Downing Street will not suffer a major rebellion when MPs vote next month on cuts to disability benefits, Lisa Nandy has insisted, despite the resignation of a government whip on Thursday.
The culture secretary said Vicky Foxcroft, who resigned from the government saying she could not vote for the controversial measures, was the only frontbench MP she knew of who had been thinking of quitting.
Despite 170 Labour MPs having expressed concerns about the bill, which will make it harder for disabled people to claim personal independence payments (Pips), Nandy said the government was not expecting many other Labour MPs to defy the whip.
Asked on Friday whether she was detecting signs of a major rebellion, Nandy told BBC Breakfast: “I’m not. It would be wrong to say that, when you bring forward big reforms there aren’t concerns and there aren’t dissenting voices, of course there are. But Vicky is the only frontbencher that I’ve had a conversation with about resigning.”
Asked how many backbench Labour MPs had approached her with worries about the plans, she said: “A handful have expressed concerns about the detail, and I’m really confident that we’ve listened and we’ve put forward a package that is absolutely right.”

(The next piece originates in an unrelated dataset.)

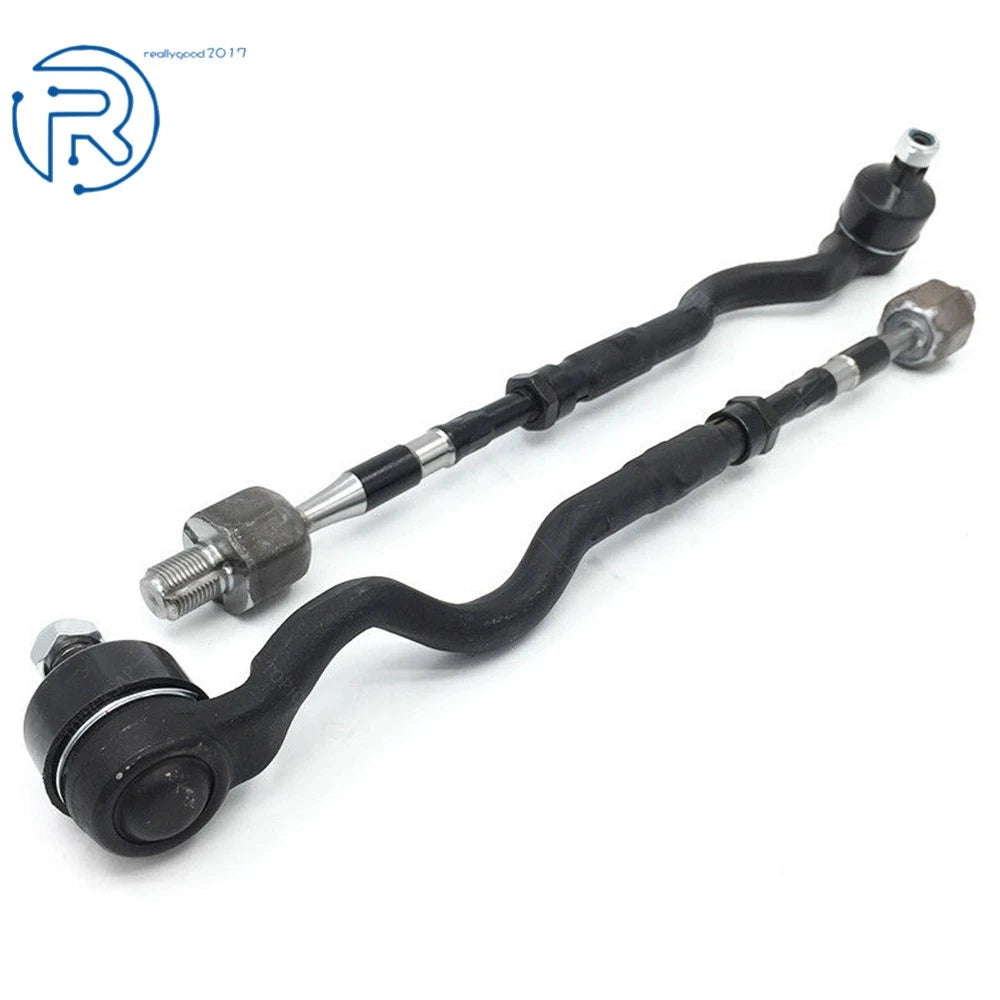 10X Control Arm Ball Joint Tie Rod Boot Kit for BMW E46 E90 (1998-2013)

Foxcroft said on Thursday night she was unable to do her job as a whip because she disagreed with the changes and did not believe that cuts were part of the solution to rising inactivity.

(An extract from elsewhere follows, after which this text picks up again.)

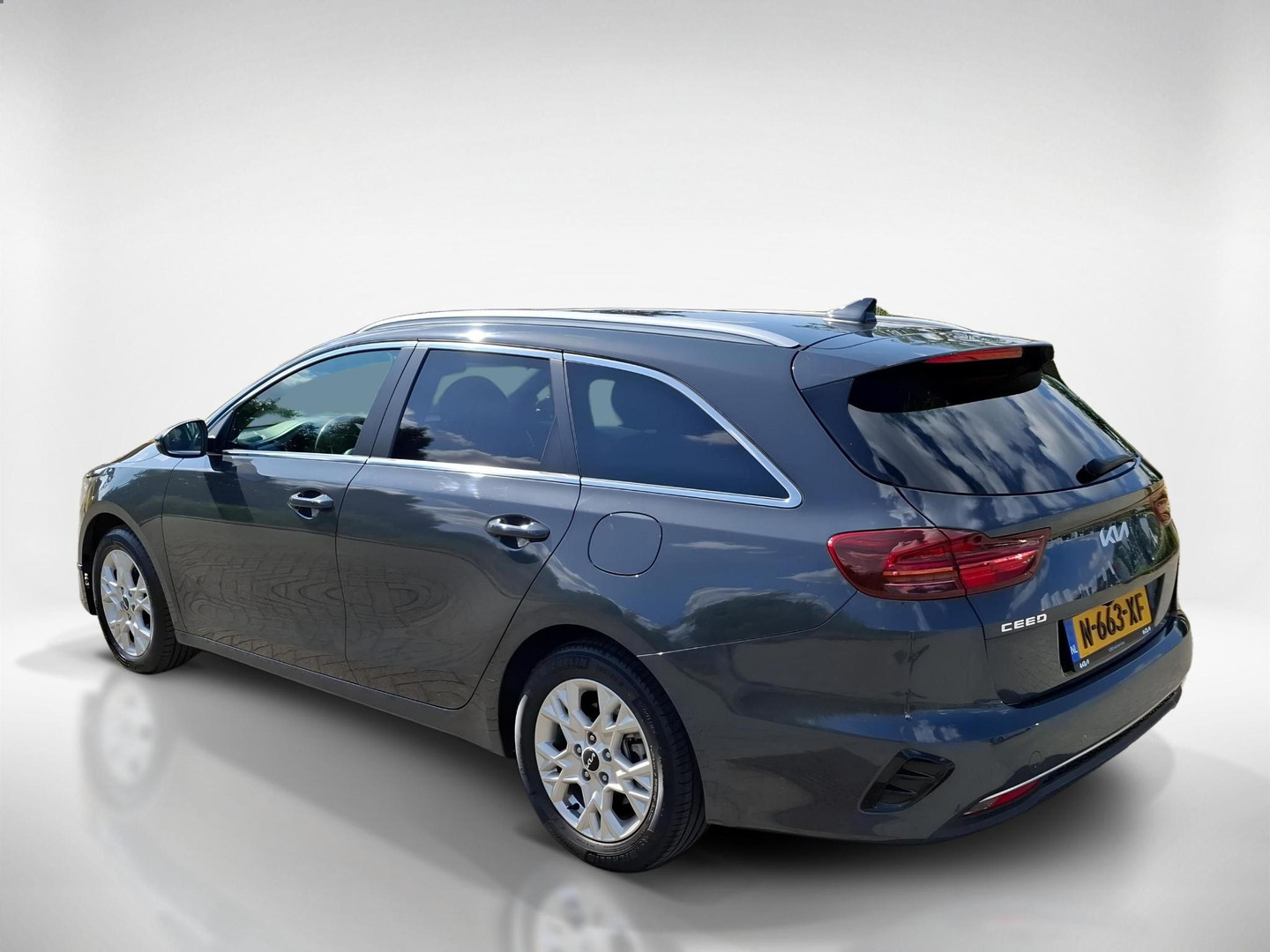 Kia Ceed Sportswagon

The changes, which are at the centre of a £4.8bn welfare reduction programme, will mean even people who are unable to wash half their body or cook a meal will be denied the payments if they have no other impairments.
In a letter to the prime minister, Foxcroft said the benefits system was “in desperate need of reform” but that her pre-election experience as shadow disability minister had shown her the struggles of disabled people were “even tougher than I had imagined”.

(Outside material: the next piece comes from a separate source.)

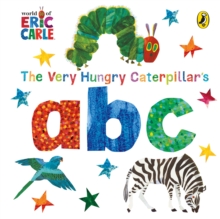 The Very Hungry Caterpillar's abc, Board book Book The Very Hungry Caterpillar's abc, Board book Book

Nandy said the measures were about helping people back to work rather than making immediate savings to the welfare bill, even though the benefit is paid regardless of employment status.
She told BBC Radio 4’s Today programme: “Lots of people want to work and just can’t at the moment, because we’re not helping them to do so. I think we’ve struck the right balance between that and protecting people who will never be able to work.”
Ministers have previously said the Pip cuts are being made to make the system more financially sustainable.